In [None]:
"""""""""""""""""""""""""""""""""""""""""""""""""""""""""""""""""""""
#####################################################################
#             Generalising on Multi Label Level                     #
#####################################################################

"""""""""""""""""""""""""""""""""""""""""""""""""""""""""""""""""""""
import pandas as pd
import numpy as np
from collections import Counter

from utilities.preprocess import Preproccesor
from utilities.attention_layer import Attention
from utilities.helping_functions import create_embedding_matrix

from sklearn.feature_extraction.text import TfidfVectorizer
from sklearn.svm import SVC
from sklearn.metrics import f1_score, balanced_accuracy_score, confusion_matrix
from sklearn.utils import shuffle
from sklearn.model_selection import KFold

from keras.preprocessing.sequence import pad_sequences
from keras.layers import GlobalAveragePooling1D, GlobalMaxPooling1D, SpatialDropout1D, Bidirectional, Dense, \
    LSTM, Conv1D, Dropout, concatenate
from keras import Input, Model
from keras.callbacks import EarlyStopping, ModelCheckpoint
from keras.optimizers import Adam
from keras.layers.embeddings import Embedding
from keras.preprocessing.text import Tokenizer

import nltk
nltk.download('wordnet')
nltk.download('stopwords')

In [2]:
from sklearn.metrics import f1_score, accuracy_score, hamming_loss, make_scorer, fbeta_score, multilabel_confusion_matrix,\
    average_precision_score, precision_score, recall_score


def average_precision_wrapper(y, y_pred, view):
    return average_precision_score(y, y_pred.toarray(), average=view)

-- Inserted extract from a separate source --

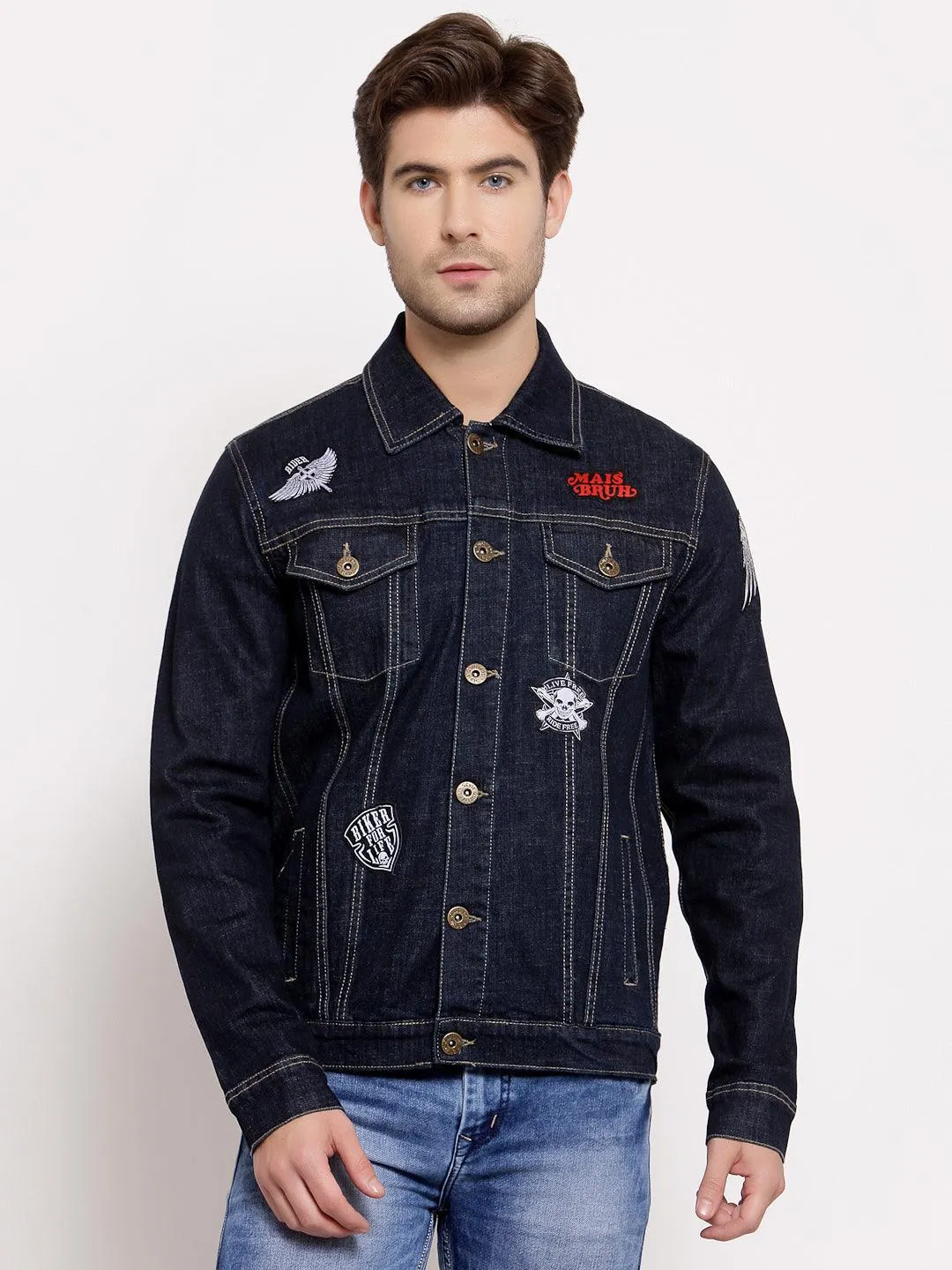 Style Quotient Mens Solid Denim Jackets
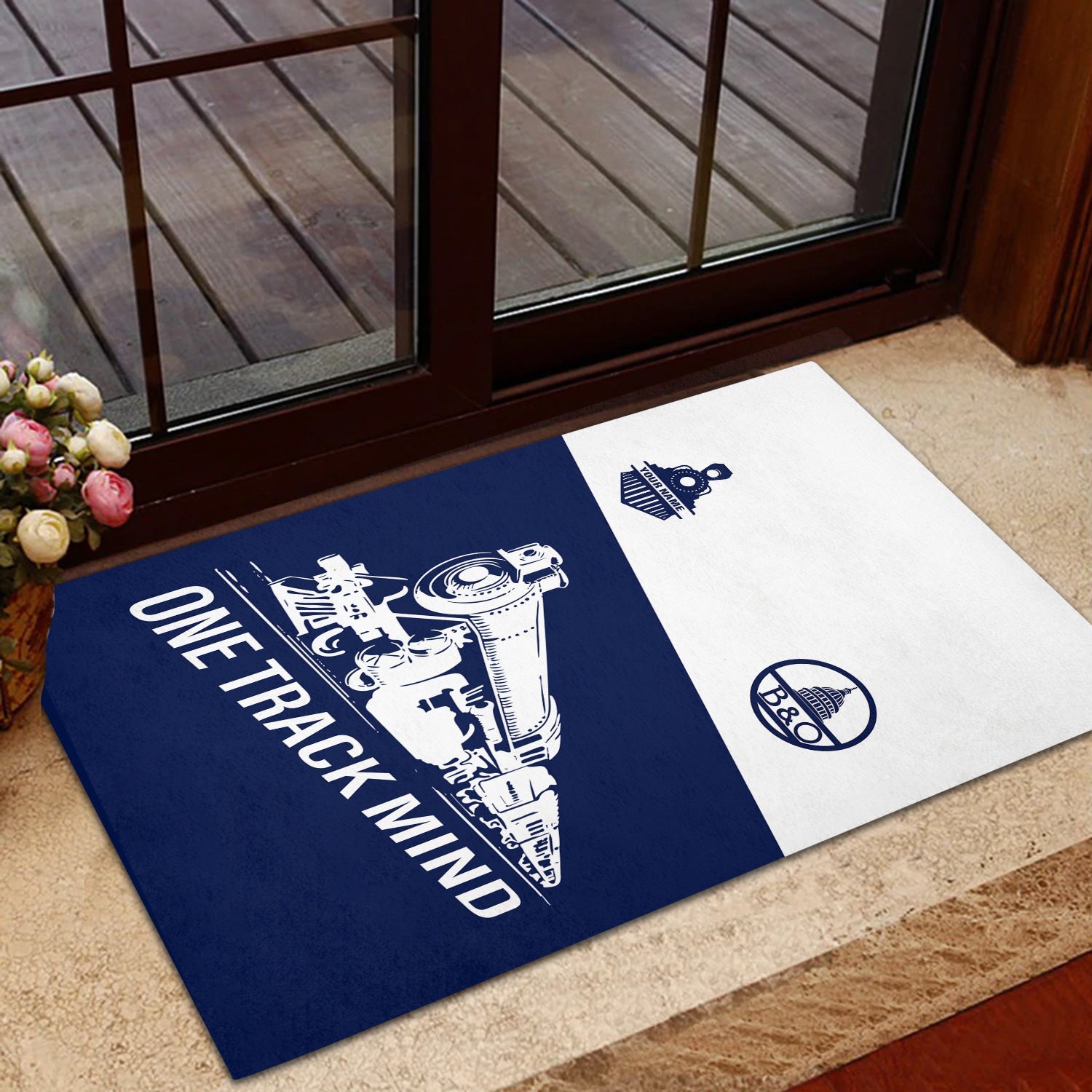 Railspirit Personalized Baltimore and Ohio Railroad Doormat One Track Mind B&O Mat Gift Idea For Train Lover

hamm_scorer = make_scorer(hamming_loss, greater_is_better=False)
ftwo_scorer = make_scorer(fbeta_score, beta=2)

Loading ETHOS and the dataset D2: Ousidhoum, Nedjma, et al. "Multilingual and multi-aspect hate speech analysis." arXiv preprint arXiv:1908.11049 (2019).

We will load our data without preprocessing them!

In [3]:
X, yt, y = Preproccesor.load_multi_label_data(True, False)  
# yt has continuous data, y has binary
V, v_s, v_d, v_a, v_t, v_g, v_n = Preproccesor.load_mlma(True, False)
label_names = ["violence", "directed_vs_generalized", "gender", "race",
               "national_origin", "disability", "religion", "sexual_orientation"]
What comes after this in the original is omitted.